Friedrichsfelder Songline

(...)

Großmutter, ich bin nicht untätig in Berlin. Ich sage dir meine Stadtwanderung vor. Hör zu: In diesem östlichen Stadtteil lebt eine andere Ethnie als in jenem, den ich gewohnt war. Die Leute sprechen eine andere Sprache hier als drüben, im Westen. Hier hörst du das, was man Berlinerisch nennt. Die Frauen haben ein Netzwerk von blauen Flecken unter der dünnen Haut und kupferfarben getönte Haare. Viele haben böse Beine. Die älteren Männer tragen einen Bauch. Die jüngeren lange Haare im Nacken, wie es auch anderswo einmal Mode gewesen ist.

Die Bewohner dieses Stadtteils haben sich entschlossen, die schlechten Kleider, zu denen sie einst verurteilt waren, anzubehalten. Sie wollen sich, glaube ich, von den anderen Deutschen unterscheiden. Da jene nicht zu übertreffen sind, haben sie beschlossen, sie zu unterlaufen. Viele rauchen. Auf der Straße sehen sie nicht aus sich heraus. Es gibt so viele Hunde wie nirgends auf der Welt, entweder ganz kleine, moppartige, oder große, Schäfer, Rottweiler, Pitbulls, die gefährlich wirken. Gewisse kahlgeschorene Typen begründen mit ihrem Hund eine Leinenlänge um sich herum eine national gesäuberte Zone.

Die Trottoirs sind zugeschissen. Im Sommer trocknen die Knoddel aus, und wenn ein Wind sich erhebt, weht es die Scheiße als Aerosol in deine Suppe.

Großmutter, in diesem Stadtteil lebt ein anderes Volk, aber auf meiner Wanderung habe ich überdies einen besonderen Stamm entdeckt. Man nennt ihn hier die Laubenpieper.
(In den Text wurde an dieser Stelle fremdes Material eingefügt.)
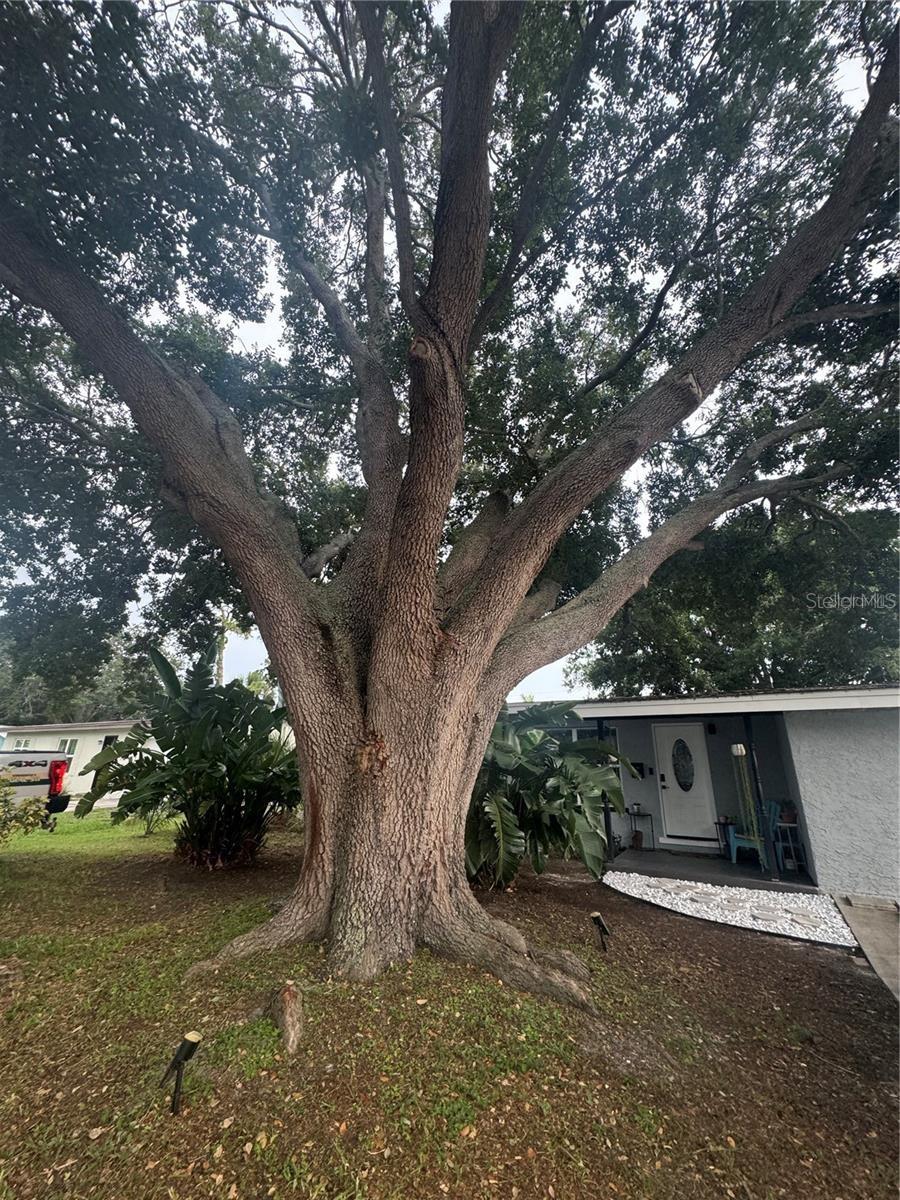 6690 33RD AVE N, ST PETERSBURG, FL, 33710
Ich kam durch die SOHIENSTRASSE, die später die BIETZKESTRASSE wird, stieß auf ein Sportfeld, auf dem zwei Schülermannschaften in farbigen Mannschaftsleibchen sehr ernsthaft eine Trainingspartie spielten. Hätte man die Augen geschlossen, hätte man aus ihren Zurufen und den Pfiffen des Lehrers, der den Schiedsrichter gab, auf ein alles entscheidendes Spiel schließen müssen. Die Kneipe am Rand des Spielfelds hieß Borussia Friedrichsfelde. So wußte ich hier immer, wo ich war.
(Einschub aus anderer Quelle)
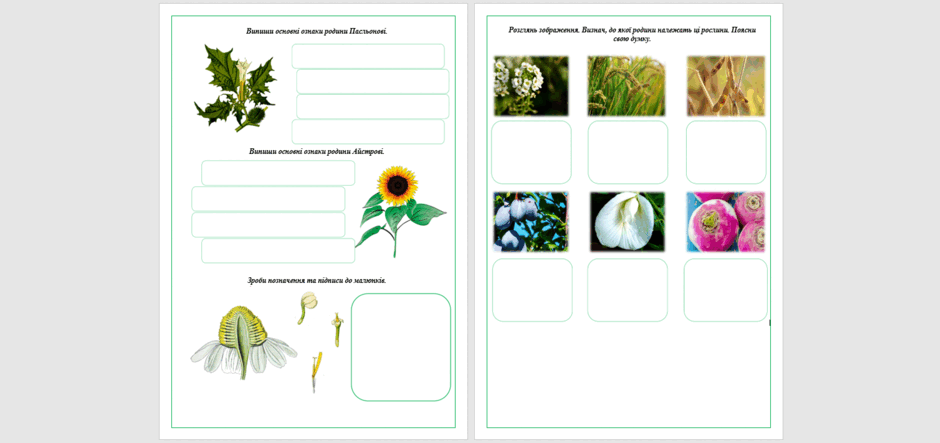 06024n3d-12e4-940x443.png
Über die ZACHERTSTRASSE kam ich an die RUMMELSBURGER, erinnerst du dich? Es zog mich in einen Spazierweg hinein. Nach ein paar Schritten stand ich vor einem Reservat. Alles war eingezäunt, ein großes Schild über dem Tor sagte: MÄRKISCHE AUE e.V., GEGRÜNDET 1933.

Großmutter, das ist doch deine Kleingärtnersiedlung! Hast du nicht erzählt, wie ihr am Sonntag in einen solchen Garten gefahren seid? Der Papa, hast du gesagt, habe zugeschaut, und ihr habt arbeiten müssen. Ich habe deine Berliner Nichte, die Herta, danach gefragt. Sie wird in diesem Jahr 88. Leicht zu rechnen: du wärst 112. Sie schrieb mir: "Was Du über unsere Mütter wissen möchtest, überschreitet mein Erinnerungsvermögen. Ich weiß nur vom Erzählen, daß mein Vater mit meiner Mutter, als sie noch verlobt waren, dort Obst pflücken mußten. Die Großmutter rechnete die genaue Fahrzeit hin, Pflückzeit im Garten, die Zeit für den Rückweg aus. Trotzdem hat es gereicht, sich noch kurz zu lieben!" Es ist eine Familie, du weißt es am besten, in der vielleicht immer nur kurz geliebt wurde.

"Altersgemäß geht es mir zufriedenstellend", schreibt Herta weiter, "wenn ich andere mit 88 Lenzen sehe, darf ich mich nicht beklagen, denn wenn ich stöhne, werde ich in ein Altersheim abgeschoben. Verreisen will ich aber nicht mehr. Ich habe die Faxen dicke vom schlechten Wetter im Schwarzwald oder an der Nordsee. Für das viele Geld kaufe ich mir lieber Klamotten, mit denen ich meinen keuschen Astralleib bekleide. Je älter, desto verrückter!"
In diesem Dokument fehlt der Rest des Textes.